Women celebrate personal ‘miracle’ at Warren church


By Ed Runyan

runyan@vindy.com

WARREN

Tonight during the Christmas Eve Mass at Blessed Sacrament Church, three women will bring the body and blood of Christ to the altar in preparation for the liturgy of the Eucharist.

It will be a fitting testimony in a fitting location because three months ago, one of the women nearly died in that building, but the two others saved her life in what they all describe as a miracle.

“She wants to thank God under the same roof where her life was taken, and God gave it back,” Jackie Loges of Howland said of Demetra Tsilimos of Warren.

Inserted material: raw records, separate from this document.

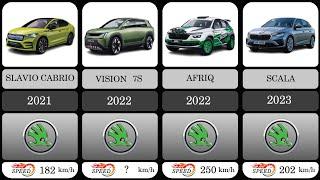 skoda  cars  The Evolution Of skoda  1925-2024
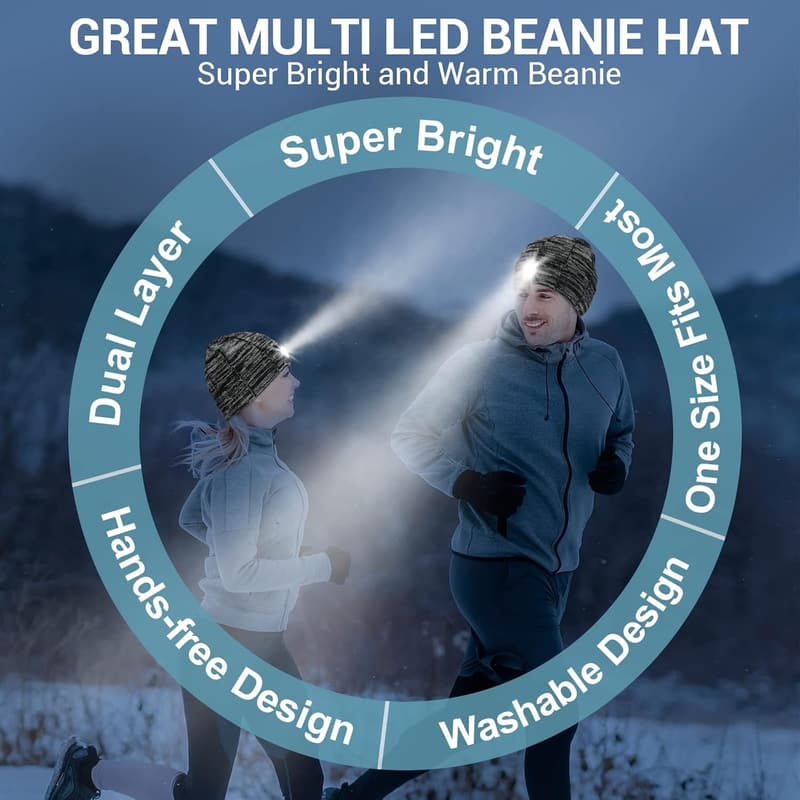 Rechargeable LED Beanie Hat - Great Gift for Men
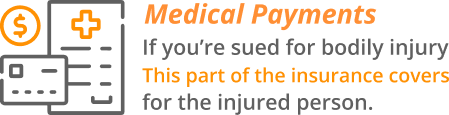 Medical Payments if youre sued for bodily injury this part of the insurance covers for the injured person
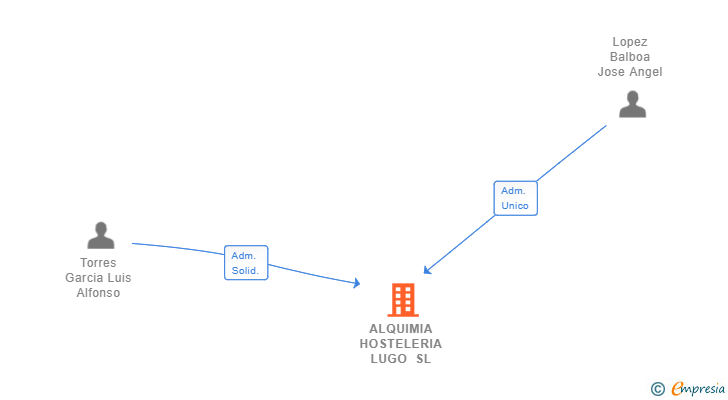 Vinculaciones societarias de ALQUIMIA HOSTELERIA LUGO SL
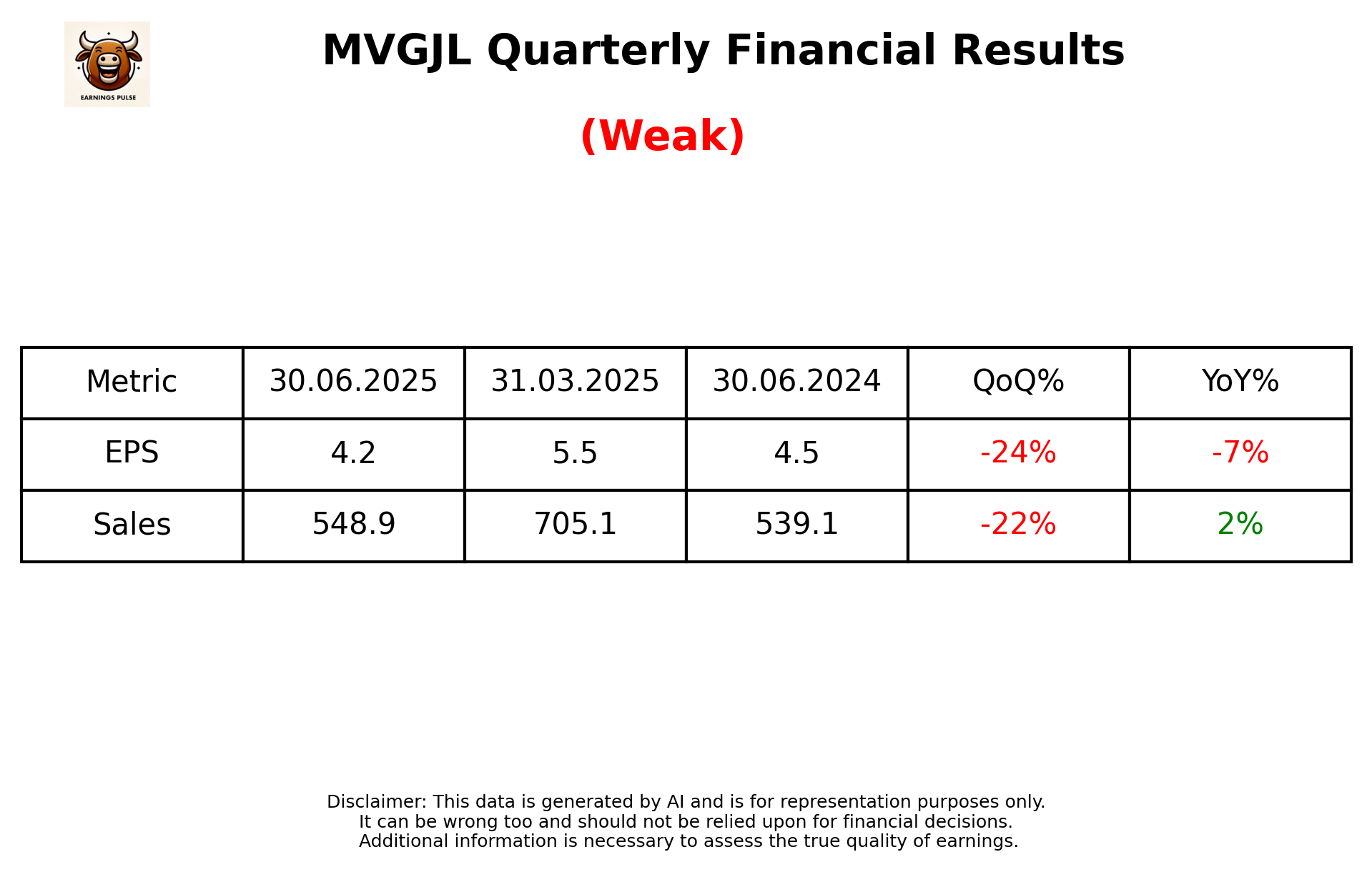 MVGJL Q1 2026 earnings summary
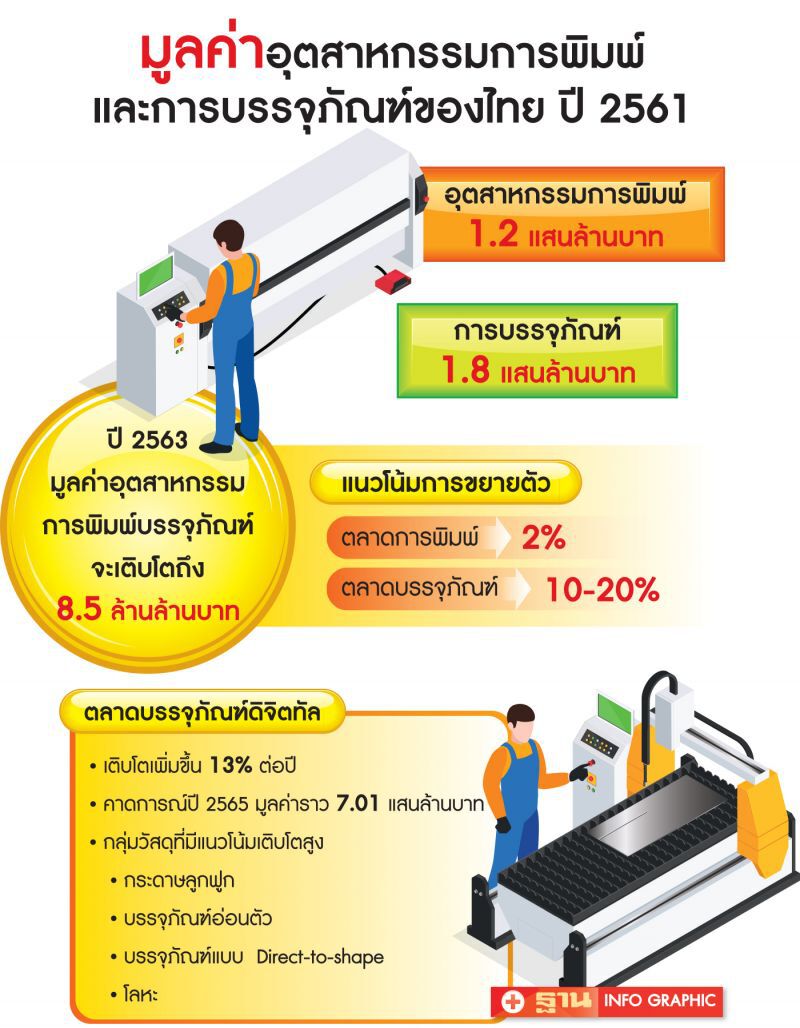 ธุรกิจการพิมพ์เปลี่ยน... เอชพีมุ่งนวัตกรรมดิจิทัล รับเทรนด์ Customize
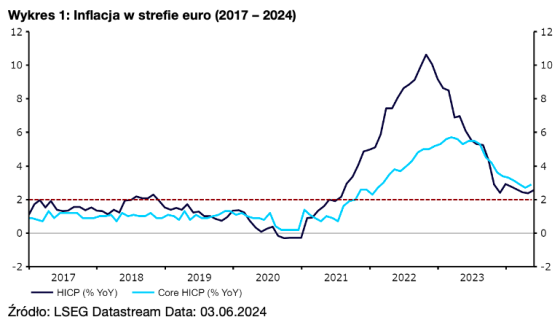 inflacja, euro, 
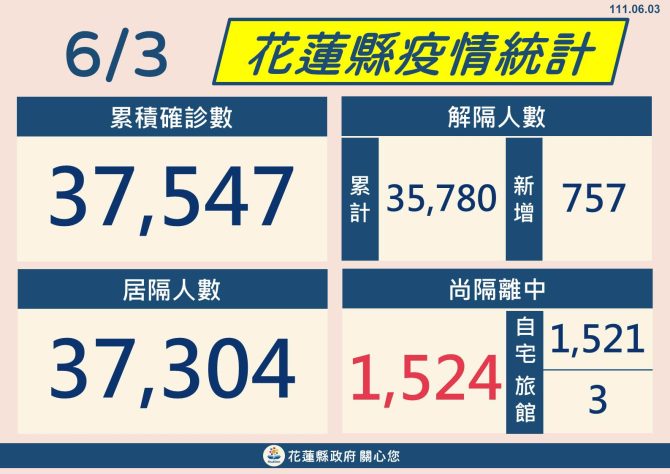 花蓮縣3日新增1,246例確診個案 端午佳節仍有多家診所提供視訊診療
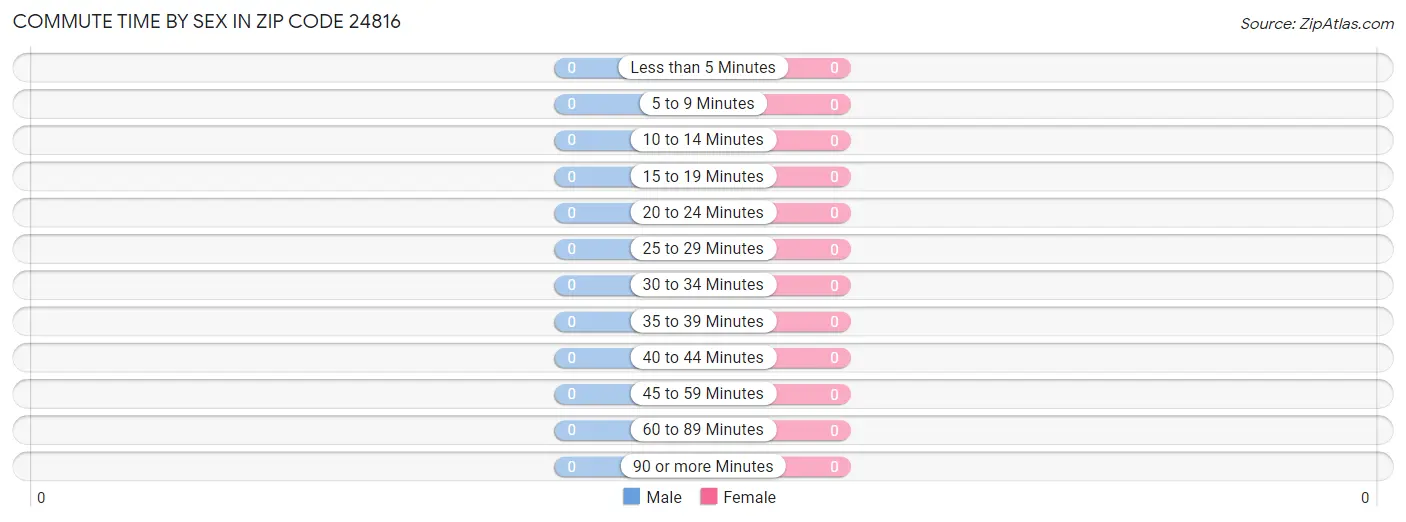 Commute Time by Sex in Zip Code 24816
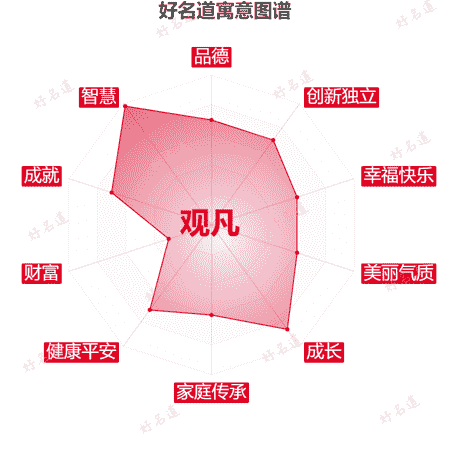 名字观凡的寓意图谱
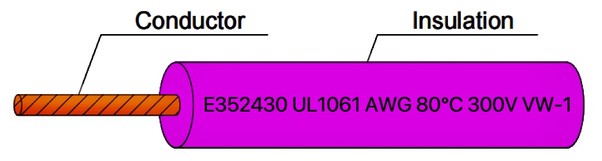 UL1061 AWM Single-Core Hook Up Wire UL1061 AWM Single-Core Hook Up Wire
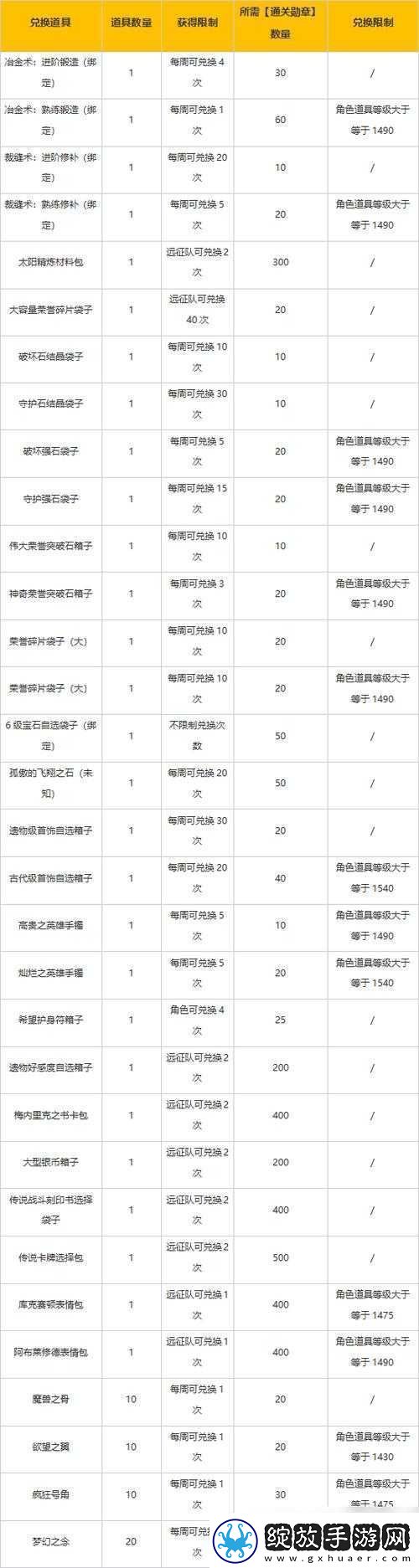 命运方舟开荒攻略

In the months since the heart attack that felled Tsilimos while she was participating in a Zumba exercise class on a busy Monday evening at Blessed Sacrament, the women have gotten together to talk about the unlikely circumstances that allowed Tsilimos’ story to have a happy ending.

Loges and a friend, Windi Kresic of Lordstown, were standing in a foyer near a room where the Zumba class took place when a woman came up and asked if anyone knew CPR.

“Windi and I looked at each other, and we say ‘Let’s go,’” said Loges, a stay-at-home mom who formerly worked as a registered nurse in intensive care.

The women entered the room containing about 20 women and saw Tsilimos, a woman in her early 40s, lying on the floor not moving. She had suffered a sudden heart attack and wasn’t breathing.

Loges kneeled beside Tsilimos’ chest and began CPR, while Kresic, a dental hygenist, gave Tsilimos mouth-to-mouth resuscitation.

“We couldn’t have done it without each other,” Kresic said. “She did her end, and I did mine, and it gave us courage to do it together,” she said. Neither woman had ever saved someone with CPR and mouth-to-mouth before.

For close to 10 minutes they worked this way as they waited for an ambulance to arrive. Loges eventually asked about an automated external defibrillator, sensing that Tsilimos’ heart needed to be shocked back into action.

Loges had never used a portable AED, but following the directions proved to be easy, and the shock seemed to help, Loges said.

Still, when EMT’s loaded Tsilimos onto the gurney, it seemed clear to Loges that the woman they helped was probably not going to make it.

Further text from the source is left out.